1. The position of being elder or senior; seniority, precedence of birth, primogeniture.
1594. R. Parsons, Confer. Success., I. vi. 128. Primogenitura or eldership of birth was greatly respected by God.
1667. Dryden, Ind. Emperor, I. ii. My claim to her by Eldership I prove.
1754. Richardson, Grandison, I. v. 19. Her sister addressed her always by the word Child, with an air of eldership.
1838. Arnold, Hist. Rome, I. 274. [By Roman law] all children inherited their fathers estate in equal portions, without distinction of sex or eldership.
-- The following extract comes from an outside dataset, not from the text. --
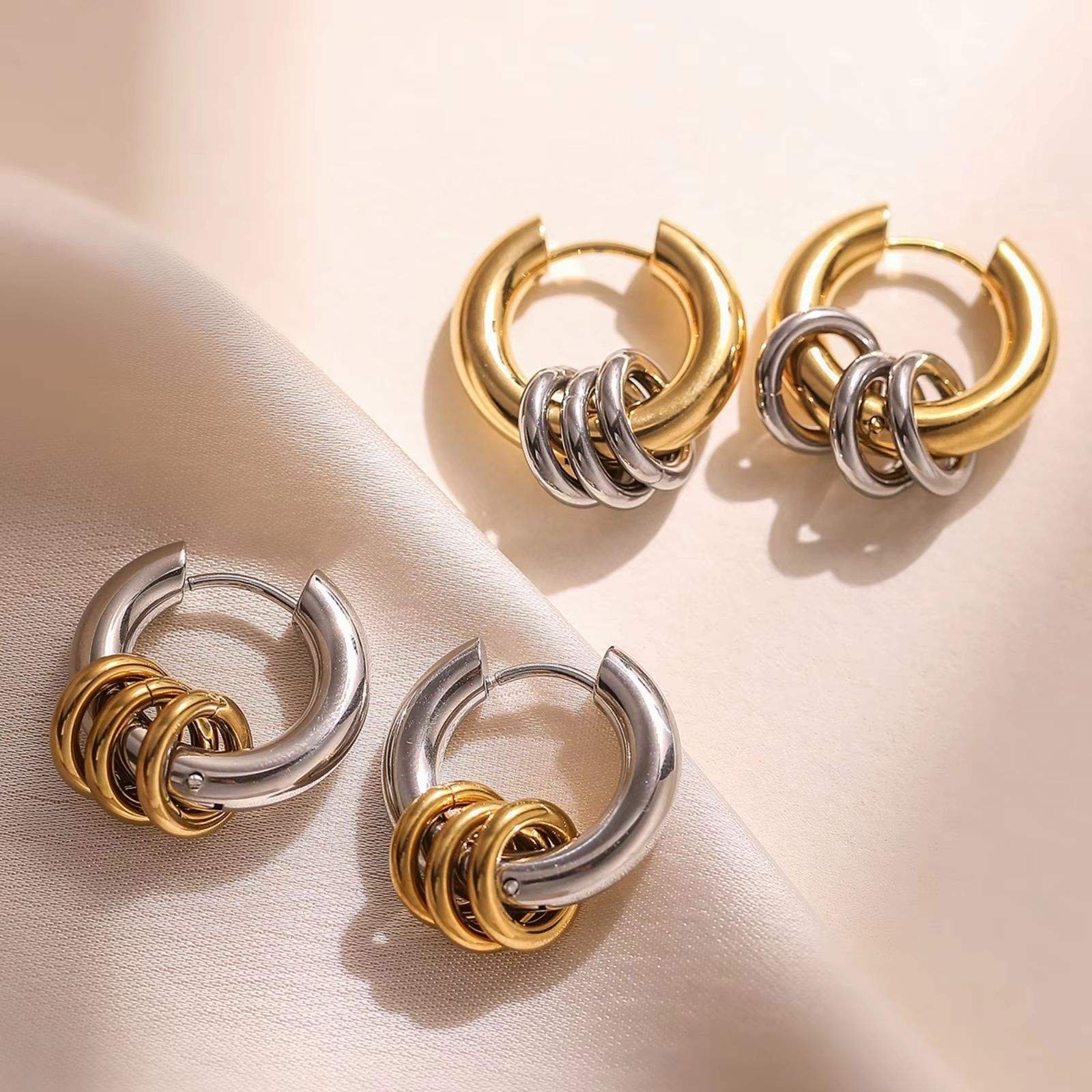 Elegant Fade-Resistant Hypoallergenic 316L Stainless Steel Golden Earrings, Fashionable Women's Classic Earrings N2604062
2. nonce-use. As a mock title of honor (after lordship): The personality of an elderly person.
1748. Richardson, Clarissa (1811), IV. 90. So irresistible to their elderships to be flattered.
3. The office or position of elder in a church.
1577. Harrison, England, II. v. (1877), I. 109. The office of eldership is equallie distributed betweene the bishop and the minister.
1655. Fuller, Ch. Hist., IX. vi. § 52. He was deposed from his Eldership.
4. The collective body of (ecclesiastical) elders; a body or court of elders, a presbytery.
1557. N. T. (Genev.), 1 Tim. iv. 14. That gyft which was geuen thee by prophecie with the laying on of the handes, by the Eldership.
163446. Row, Hist. Kirk (1824), 66. They that tyrannize not over, but be subject to their particulare elderships.
1721. Wodrow, Corr. (1843), II. 568. Do you not lay in one scale the minister against the whole eldership in the other?
1828. E. Irving, Last Days, 151. As office-bearers in the church we are an unholy and an unworthy eldership.
1885. Edgar, Old Ch. Life Scotl., 189. All the courts of the Church might be called either Presbyteries or Elderships.